You can focus your decision-making by asking the following 10 questions:
- What’s the scale of my training requirement? How many people do I need to train, and how often?
- Are my training requirements likely to change significantly in the near future?
- Are there any significant events that might influence my training strategy?
- What training topics do I need to include in my program? Do I have in-house experts in these subject areas? Are there off-the-shelf courses or training resources I can buy in for some or all of these topics?
- What’s my budget? Is this fixed or dependent on need?
- Do I have the resources (space, skills, infrastructure) in place to develop and deliver the training in-house? How regularly will I be able to review and refresh content and design?
- Will an outside training organization add value?
- Do I have employees available who are qualified trainers? If not, are there benefits to hiring or training someone to do that job?
- How many remote workers do I have? Am I resourced to manage their training needs myself?
- What technology is available to help me deliver in-house training?
A blended approach: The best of both worlds
Depending on the answers to your questions, one model may stand out as a strong match.
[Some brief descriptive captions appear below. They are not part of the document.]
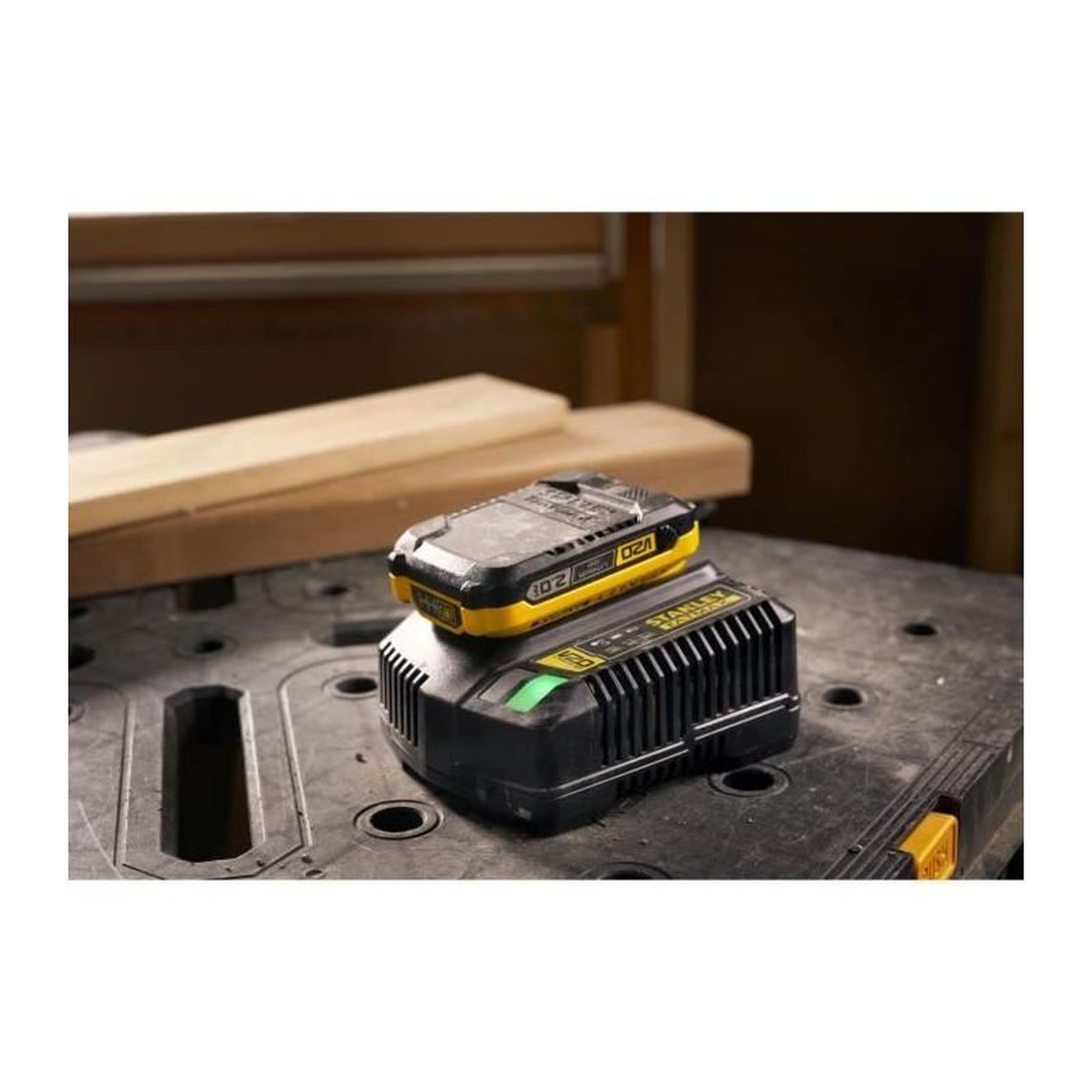 Voir la diapositive 6 : Stanley Batterie - STANLEY FATMAX V20 - SFMCB202-XJ - 18V 2Ah
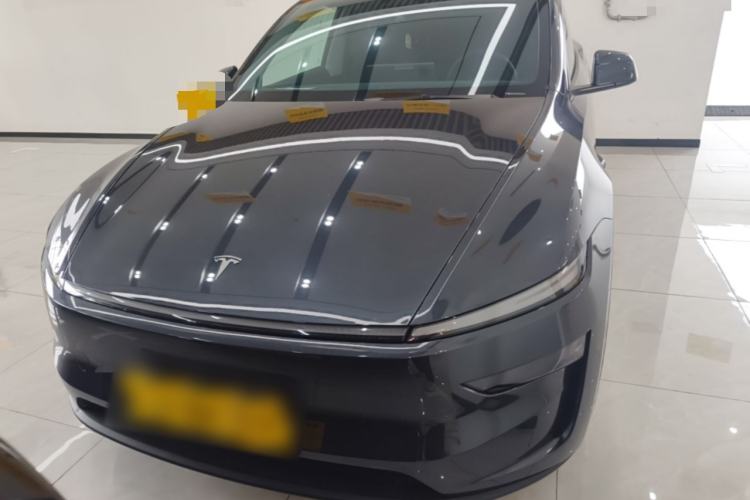 Used Tesla Model Y 2025 Long-Range All-Wheel-Drive Version Front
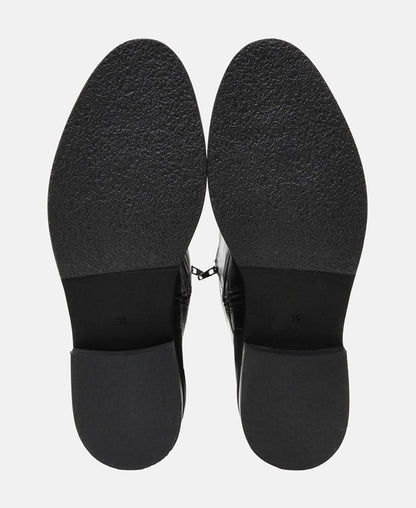 Wadenhohe Stiefel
But there’s a good chance your ideal program will emerge as a mix of both in-house and outsourced employee training strategy.
This blended approach may be less easy to organize. But it’s likely to be more effective and affordable in the long run. Either way, once you’ve decided, the process doesn’t stop there.
To keep pace with your business model, you need to keep asking questions. And keep track of technology. A full-featured eLearning training platform with rich integrations can give in-house learning the edge. And as immersive technologies become more mainstream, training tech could well be your deciding factor.